Quelques mois plus tard, mon ancien manager chez Bain, qui avait été embauché depuis comme Directeur de la stratégie chez Editis, m’a proposée de le rejoindre. Le secteur de l’édition m’attirait particulièrement et j’ai donc accepté. J’ai été chargée pendant deux ans et demi de la stratégie et notamment des acquisitions externes. Le rythme était soutenu, ce qui ne me changeait guère de mon expérience du conseil, les projets d’acquisition et de développement nombreux, mais j’étais un peu frustrée de rester à l’extérieur du monde de l’édition, de ne pas être dans l’opérationnel. Or j’adore les livres. J’ai donc saisi l’opportunité de partir dans une maison du groupe et, en 2007, je suis devenue secrétaire général de l’entité First-Gründ. Le travail était énorme : j’avais en charge la RH, le juridique mais aussi tout l’aspect intégration et restructuration. C’était passionnant mais épuisant. J’avais 29 ans et cette expérience m’a beaucoup fait grandir, parfois dans la douleur, et m’a permis de comprendre que l’opérationnel était bien ma voie. Puis en 2008, mon poste a évolué et j’ai pris en charge la direction du développement de First-Gründ. J’ai beaucoup aimé cette période. Je m’occupais notamment des cession de droits à l’étranger, j’écumais les foires internationale. Et puis j’avais en charge le développement du numérique, sujet qui me passionnait : toute la réflexion avec les auteurs déjà publiés, les contenus, les catalogues, etc. J’ai pris Charlotte comme stagiaire et je l’ai ensuite embauchée. Bien qu’inscrite dans une relation hiérarchique, une amitié est née. Nous partagions le même bureau, nous avions une terrasse à notre disposition et nous avions de longues discussions sur l’émergence du numérique et ses conséquences pour l’édition classique.

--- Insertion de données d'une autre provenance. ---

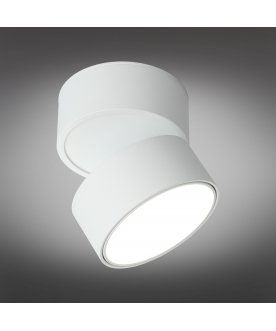 Потолочный светильник Lenno OML-101309-12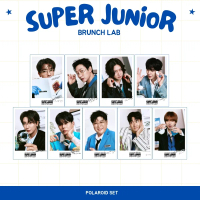 HOLOGRAM POLA ELF BRUNCH LAB 9 PCS KPOP UNOFFICIAL YESUNG EUNHYUK SIWON DONGHAE KYUHYUN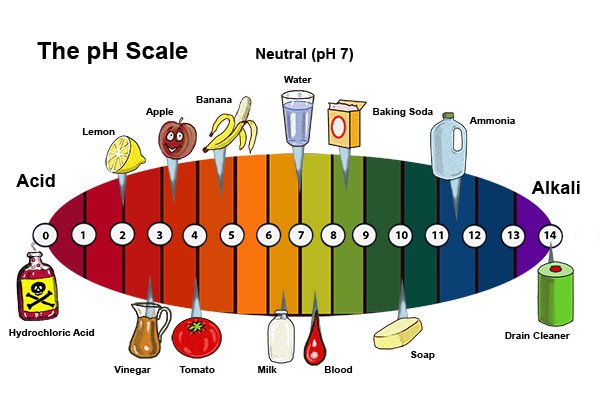 the pH scale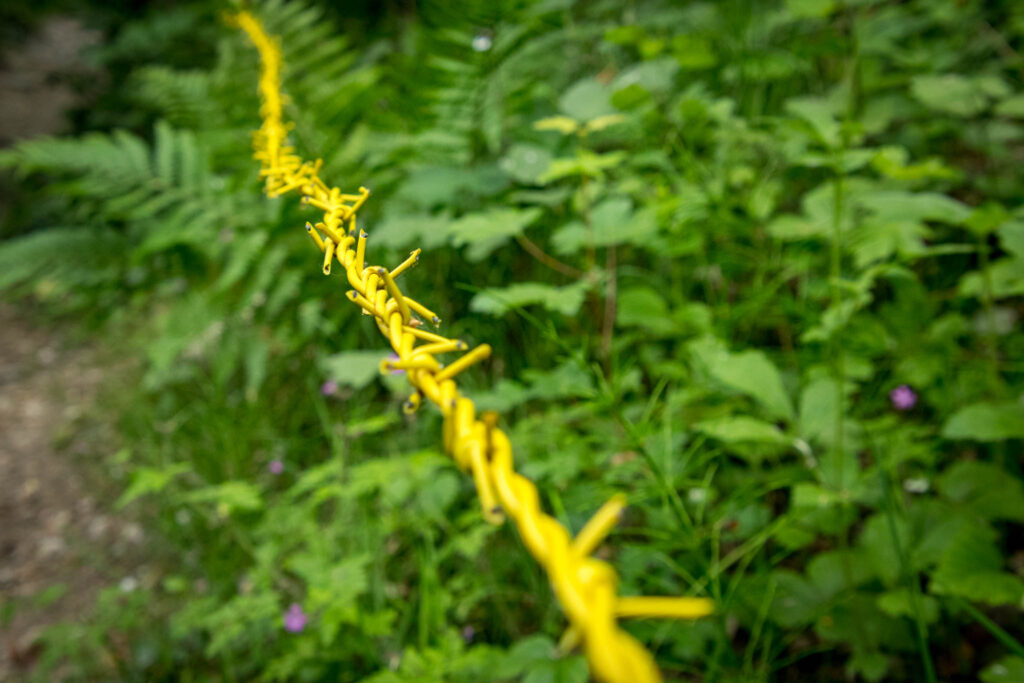 Unterwegs im Bergischen Wanderland: Streifzug Nr. 8 – Steinhauerpfad in Lindlar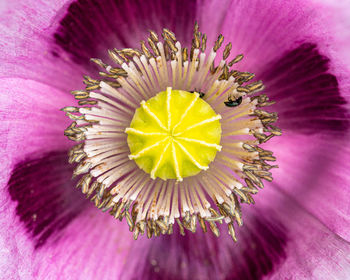 Extreme close-up of pink flower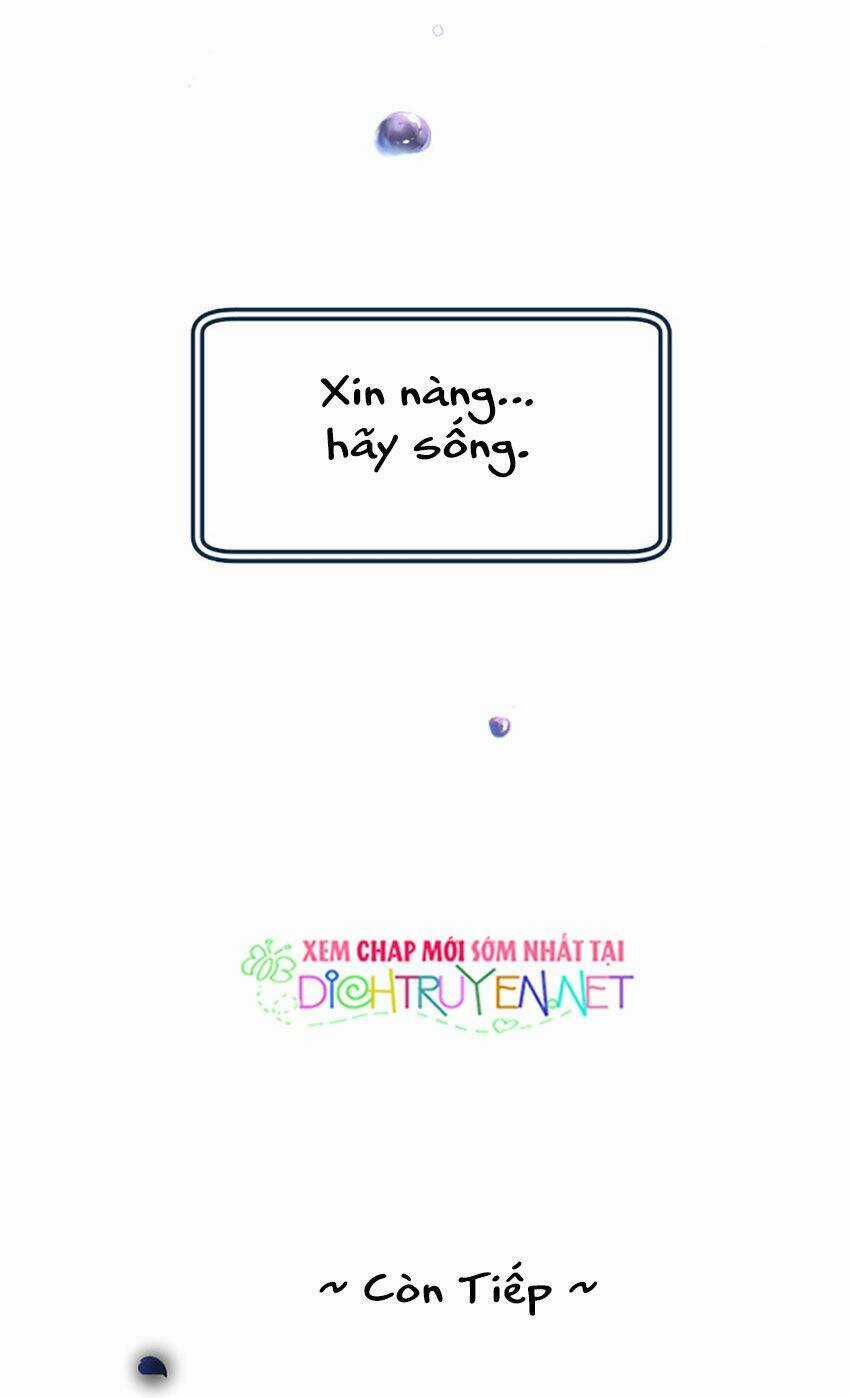 Nàng Persephone và chàng Hades Chapter 18 trang 49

Petit à petit un projet a émergé. Au moment où il devenait évident que  l’aventure se ferait en externe, on m’a proposé LE poste, la consécration pour l’HEC que j’étais : devenir DG adjointe d’une structure éditoriale importante, regroupant les Editions First-Gründ avec les Editions Plon et Perrin. J’ai eu 5 secondes d’hésitation. Mais en mon for intérieur, je savais que si je ne me décidais pas à franchir le pas de la création d’entreprise, je le regretterais toute ma vie. J’y suis donc allée !

On nous avait mis en garde, Charlotte et moi, contre le stress de l’entrepreneur ; ça n’a pas du tout été mon cas. Je suis beaucoup moins stressée que dans mes jobs précédents. Je ne suis plus  responsable du bien-être des autres et je me sens, du coup, libérée d’une angoisse que je trimballais depuis des années. Créer Librinova a fonctionné comme une vraie étape de développement personnel. Je suis sortie d’un carcan. J’ai acquis liberté et sérénité. Et alors que j’avais mis ma vie privée entre parenthèses depuis des années, j’ai rencontré mon mari au moment même où je démarrais Librinova, ce qui n’est certainement pas un hasard !

Je m’éclate dans ce que nous construisons, je travaille avec plaisir. J’ai gagné en ouverture d’esprit grâce aux nombreuses rencontres que nous avons faites, avec des gens dotés de profils très variés. Je suis extrêmement fière de ce que l’on a accompli avec Charlotte. Mon entourage a deux types de réactions : les regards admiratifs de ceux qui saluent cette prise de risque et ceux qui considèrent que je fais une crise d’ado et que je rentrerai un jour dans le droit chemin.

Notre grande force à Charlotte et moi est d’être totalement alignées. Sûrement parce que nous avons fait connaissance dans le monde du travail et avions donc l’habitude de travailler ensemble. Nous ne sommes jamais en conflit. A tel point que quand nous avons écrit les statuts, nous avons rédigé un pacte d’actionnaires pour envisager les sujets qui fâchent. Les passer en revue nous a suffi et nous ne l’avons jamais signé.

Cette expérience m’a prouvé que peu de choses me résistent si j’ai décidé d’aller jusqu’au bout.